_TASK STATEMENT_
Without changing anything, transcribe all of the entries.

Short text fragments from websites:
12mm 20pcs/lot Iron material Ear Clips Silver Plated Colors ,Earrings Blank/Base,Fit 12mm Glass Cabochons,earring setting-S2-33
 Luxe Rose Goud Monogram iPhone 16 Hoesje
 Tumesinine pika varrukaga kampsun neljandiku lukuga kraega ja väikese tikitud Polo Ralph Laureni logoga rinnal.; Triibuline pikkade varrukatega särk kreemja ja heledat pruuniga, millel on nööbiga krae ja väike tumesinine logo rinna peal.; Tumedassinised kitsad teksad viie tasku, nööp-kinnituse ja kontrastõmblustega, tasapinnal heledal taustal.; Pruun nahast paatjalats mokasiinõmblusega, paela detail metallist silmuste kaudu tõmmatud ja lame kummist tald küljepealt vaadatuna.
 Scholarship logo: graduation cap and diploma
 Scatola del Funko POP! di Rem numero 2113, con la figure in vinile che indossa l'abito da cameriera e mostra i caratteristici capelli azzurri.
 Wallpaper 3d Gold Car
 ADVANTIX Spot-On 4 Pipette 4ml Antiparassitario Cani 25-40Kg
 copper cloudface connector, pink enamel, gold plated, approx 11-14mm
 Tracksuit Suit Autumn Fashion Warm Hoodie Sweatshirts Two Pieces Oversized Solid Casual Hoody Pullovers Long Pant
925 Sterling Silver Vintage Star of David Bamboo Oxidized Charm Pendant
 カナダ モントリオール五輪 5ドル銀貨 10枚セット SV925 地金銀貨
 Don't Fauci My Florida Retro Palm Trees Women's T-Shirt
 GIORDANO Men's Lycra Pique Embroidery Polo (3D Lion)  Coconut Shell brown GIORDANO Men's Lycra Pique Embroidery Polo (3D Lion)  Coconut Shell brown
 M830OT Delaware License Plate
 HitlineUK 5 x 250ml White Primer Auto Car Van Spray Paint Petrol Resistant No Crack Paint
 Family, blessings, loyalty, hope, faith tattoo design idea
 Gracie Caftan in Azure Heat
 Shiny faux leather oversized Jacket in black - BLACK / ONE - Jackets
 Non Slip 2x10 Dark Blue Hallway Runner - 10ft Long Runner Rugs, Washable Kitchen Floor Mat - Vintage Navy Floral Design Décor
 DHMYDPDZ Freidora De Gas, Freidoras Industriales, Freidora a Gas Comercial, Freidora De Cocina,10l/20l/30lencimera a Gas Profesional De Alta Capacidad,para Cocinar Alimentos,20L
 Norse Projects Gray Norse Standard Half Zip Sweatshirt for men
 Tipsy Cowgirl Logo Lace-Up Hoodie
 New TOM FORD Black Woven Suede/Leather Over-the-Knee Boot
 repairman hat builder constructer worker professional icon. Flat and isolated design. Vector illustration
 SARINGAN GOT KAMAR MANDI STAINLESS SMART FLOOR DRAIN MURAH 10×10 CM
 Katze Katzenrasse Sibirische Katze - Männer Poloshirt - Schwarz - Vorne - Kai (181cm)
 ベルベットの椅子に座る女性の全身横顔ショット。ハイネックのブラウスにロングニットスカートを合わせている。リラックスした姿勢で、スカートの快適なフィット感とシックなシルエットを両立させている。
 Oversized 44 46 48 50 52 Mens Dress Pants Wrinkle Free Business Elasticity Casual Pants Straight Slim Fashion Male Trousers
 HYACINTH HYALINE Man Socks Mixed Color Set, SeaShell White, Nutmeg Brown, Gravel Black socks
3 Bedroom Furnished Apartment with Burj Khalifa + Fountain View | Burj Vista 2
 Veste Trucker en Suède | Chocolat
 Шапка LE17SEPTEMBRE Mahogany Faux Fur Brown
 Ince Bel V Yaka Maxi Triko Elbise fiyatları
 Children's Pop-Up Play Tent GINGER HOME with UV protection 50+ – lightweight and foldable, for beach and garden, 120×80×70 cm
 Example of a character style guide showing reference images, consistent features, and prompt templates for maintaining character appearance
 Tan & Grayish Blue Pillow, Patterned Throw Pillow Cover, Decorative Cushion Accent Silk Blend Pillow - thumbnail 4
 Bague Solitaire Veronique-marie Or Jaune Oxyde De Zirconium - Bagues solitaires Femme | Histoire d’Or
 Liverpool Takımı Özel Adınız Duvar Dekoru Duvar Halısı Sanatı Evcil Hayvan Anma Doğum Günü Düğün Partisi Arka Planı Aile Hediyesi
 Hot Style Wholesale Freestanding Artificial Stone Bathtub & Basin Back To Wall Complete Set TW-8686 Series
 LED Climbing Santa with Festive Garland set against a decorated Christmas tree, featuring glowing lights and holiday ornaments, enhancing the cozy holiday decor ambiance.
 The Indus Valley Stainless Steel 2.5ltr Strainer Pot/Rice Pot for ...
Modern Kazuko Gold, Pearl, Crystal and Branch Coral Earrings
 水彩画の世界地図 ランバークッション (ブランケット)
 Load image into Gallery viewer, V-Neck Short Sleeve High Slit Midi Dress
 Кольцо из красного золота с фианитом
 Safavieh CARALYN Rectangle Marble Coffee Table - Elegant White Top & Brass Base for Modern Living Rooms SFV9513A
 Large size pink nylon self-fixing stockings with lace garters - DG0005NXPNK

_ANSWER FOR THE TASK_
12mm 20pcs/lot Iron material Ear Clips Silver Plated Colors ,Earrings Blank/Base,Fit 12mm Glass Cabochons,earring setting-S2-33
 Luxe Rose Goud Monogram iPhone 16 Hoesje
 Tumesinine pika varrukaga kampsun neljandiku lukuga kraega ja väikese tikitud Polo Ralph Laureni logoga rinnal.; Triibuline pikkade varrukatega särk kreemja ja heledat pruuniga, millel on nööbiga krae ja väike tumesinine logo rinna peal.; Tumedassinised kitsad teksad viie tasku, nööp-kinnituse ja kontrastõmblustega, tasapinnal heledal taustal.; Pruun nahast paatjalats mokasiinõmblusega, paela detail metallist silmuste kaudu tõmmatud ja lame kummist tald küljepealt vaadatuna.
 Scholarship logo: graduation cap and diploma
 Scatola del Funko POP! di Rem numero 2113, con la figure in vinile che indossa l'abito da cameriera e mostra i caratteristici capelli azzurri.
 Wallpaper 3d Gold Car
 ADVANTIX Spot-On 4 Pipette 4ml Antiparassitario Cani 25-40Kg
 copper cloudface connector, pink enamel, gold plated, approx 11-14mm
 Tracksuit Suit Autumn Fashion Warm Hoodie Sweatshirts Two Pieces Oversized Solid Casual Hoody Pullovers Long Pant
925 Sterling Silver Vintage Star of David Bamboo Oxidized Charm Pendant
 カナダ モントリオール五輪 5ドル銀貨 10枚セット SV925 地金銀貨
 Don't Fauci My Florida Retro Palm Trees Women's T-Shirt
 GIORDANO Men's Lycra Pique Embroidery Polo (3D Lion)  Coconut Shell brown GIORDANO Men's Lycra Pique Embroidery Polo (3D Lion)  Coconut Shell brown
 M830OT Delaware License Plate
 HitlineUK 5 x 250ml White Primer Auto Car Van Spray Paint Petrol Resistant No Crack Paint
 Family, blessings, loyalty, hope, faith tattoo design idea
 Gracie Caftan in Azure Heat
 Shiny faux leather oversized Jacket in black - BLACK / ONE - Jackets
 Non Slip 2x10 Dark Blue Hallway Runner - 10ft Long Runner Rugs, Washable Kitchen Floor Mat - Vintage Navy Floral Design Décor
 DHMYDPDZ Freidora De Gas, Freidoras Industriales, Freidora a Gas Comercial, Freidora De Cocina,10l/20l/30lencimera a Gas Profesional De Alta Capacidad,para Cocinar Alimentos,20L
 Norse Projects Gray Norse Standard Half Zip Sweatshirt for men
 Tipsy Cowgirl Logo Lace-Up Hoodie
 New TOM FORD Black Woven Suede/Leather Over-the-Knee Boot
 repairman hat builder constructer worker professional icon. Flat and isolated design. Vector illustration
 SARINGAN GOT KAMAR MANDI STAINLESS SMART FLOOR DRAIN MURAH 10×10 CM
 Katze Katzenrasse Sibirische Katze - Männer Poloshirt - Schwarz - Vorne - Kai (181cm)
 ベルベットの椅子に座る女性の全身横顔ショット。ハイネックのブラウスにロングニットスカートを合わせている。リラックスした姿勢で、スカートの快適なフィット感とシックなシルエットを両立させている。
 Oversized 44 46 48 50 52 Mens Dress Pants Wrinkle Free Business Elasticity Casual Pants Straight Slim Fashion Male Trousers
 HYACINTH HYALINE Man Socks Mixed Color Set, SeaShell White, Nutmeg Brown, Gravel Black socks
3 Bedroom Furnished Apartment with Burj Khalifa + Fountain View | Burj Vista 2
 Veste Trucker en Suède | Chocolat
 Шапка LE17SEPTEMBRE Mahogany Faux Fur Brown
 Ince Bel V Yaka Maxi Triko Elbise fiyatları
 Children's Pop-Up Play Tent GINGER HOME with UV protection 50+ – lightweight and foldable, for beach and garden, 120×80×70 cm
 Example of a character style guide showing reference images, consistent features, and prompt templates for maintaining character appearance
 Tan & Grayish Blue Pillow, Patterned Throw Pillow Cover, Decorative Cushion Accent Silk Blend Pillow - thumbnail 4
 Bague Solitaire Veronique-marie Or Jaune Oxyde De Zirconium - Bagues solitaires Femme | Histoire d’Or
 Liverpool Takımı Özel Adınız Duvar Dekoru Duvar Halısı Sanatı Evcil Hayvan Anma Doğum Günü Düğün Partisi Arka Planı Aile Hediyesi
 Hot Style Wholesale Freestanding Artificial Stone Bathtub & Basin Back To Wall Complete Set TW-8686 Series
 LED Climbing Santa with Festive Garland set against a decorated Christmas tree, featuring glowing lights and holiday ornaments, enhancing the cozy holiday decor ambiance.
 The Indus Valley Stainless Steel 2.5ltr Strainer Pot/Rice Pot for ...
Modern Kazuko Gold, Pearl, Crystal and Branch Coral Earrings
 水彩画の世界地図 ランバークッション (ブランケット)
 Load image into Gallery viewer, V-Neck Short Sleeve High Slit Midi Dress
 Кольцо из красного золота с фианитом
 Safavieh CARALYN Rectangle Marble Coffee Table - Elegant White Top & Brass Base for Modern Living Rooms SFV9513A
 Large size pink nylon self-fixing stockings with lace garters - DG0005NXPNK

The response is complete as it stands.